Though it may reign as the advertising industry's favorite buzzword, so-called "native" advertising has yet to prove its ability to scale.
But that may not be the case for long.
Native ads and the high-volume world of real-time bidding are on course to come together, with the most difficult hurdle, the technological one, all but cleared thanks to the introduction of Facebook's FBX exchange ads.
Here's why: In order to serve Facebook's FBX ads -- and reap the corresponding revenue -- demand side platforms such as The Trade Desk, Turn and MediaMath were forced to build text functionality into their display platforms. That retrofitting, bringing text into the equation for the first time, paved the way for other text-based ads, such as sponsored content, to move through the platforms as well.

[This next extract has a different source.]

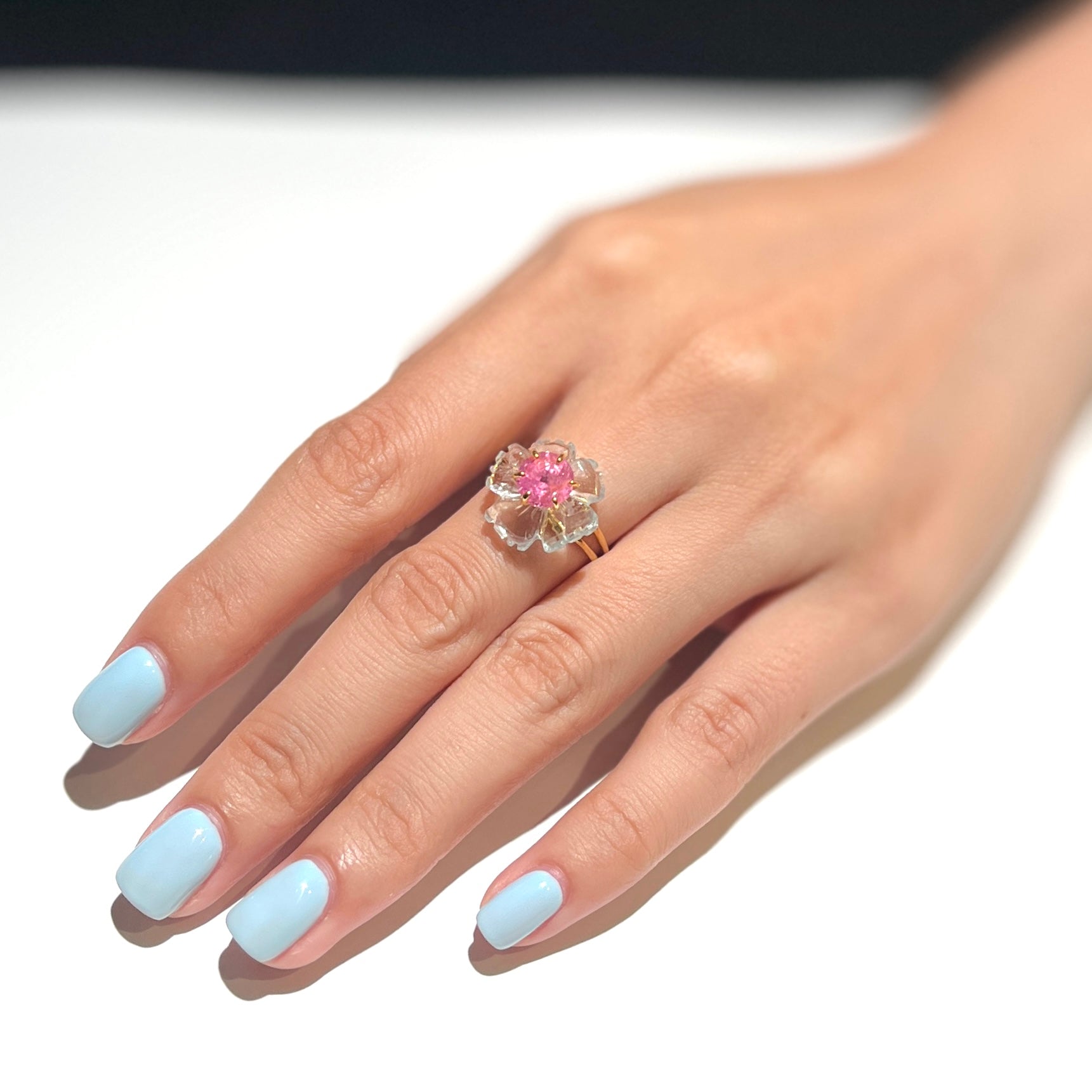 PETALE’A PASSION aquamarine, pink spinel -  silver & 9K gold ring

"Facebook runs an auction to serve text and another shape of a banner," said Jeff Green, CEO of demand side platform, The Trade Desk. "There's no reason why we can't just do text."
"We really can support any creative type, as long as it's bits and bytes," said Turn CEO Bill Demas.
Publishers lose control
For native ads to become commonplace on real-time bidding, though, a number of obstacles must be overcome. While native ads may be ready to "go RTB," publishers also need to be willing to give up some control over what content ends up on their sites -- a necessary component of participating in a real time, automated buying world. Given the controversies that have erupted over direct-sold native ads, RTB-sold native ads might make even the most flexible publishers a bit queasy.
And there would also need to be some form of standardization, said Mr. Green. Getting access to FBX inventory was worth building out new functionality, simply because there was so much of it. A similar effort would likely be worthwhile if Twitter introduces RTB Twitter ads via MoPub. But building for numerous varieties of sponsored posts may not be worth a similar effort in each case.
Several companies, such as Nativo and Sharethrough, are working to standardize native ads so they can be sold at scale, so an integration between them and the demand side platforms may not be far fetched.
"Absolutely, we're going to make our inventory available through the other, more standard programmatic platforms," said Sharethrough CEO Dan Greenberg. "For us to solidify that leadership position, it's not about creating a walled garden. It's about putting that inventory in a place where people want to buy it."
Mr. Green said The Trade Desk has had discussions with a number of such companies about potential partnerships.
Lots of hype
Mr. Demas however cautioned that, in this case, the hype may be in front of the reality. "Native is getting a lot of buzz in the press," he said. "How much I'm hearing about it from advertisers and publishers who really want to execute this is certainly less than the hype."
Still, with the functionality there and the need for scale and precision evident, the introduction of native to RTB is likely not far away.
"It's not in the next month, but it's within the next year," said Mr. Greenberg.
"I think you'll see exciting things happen in six months or less," offered Mr. Green.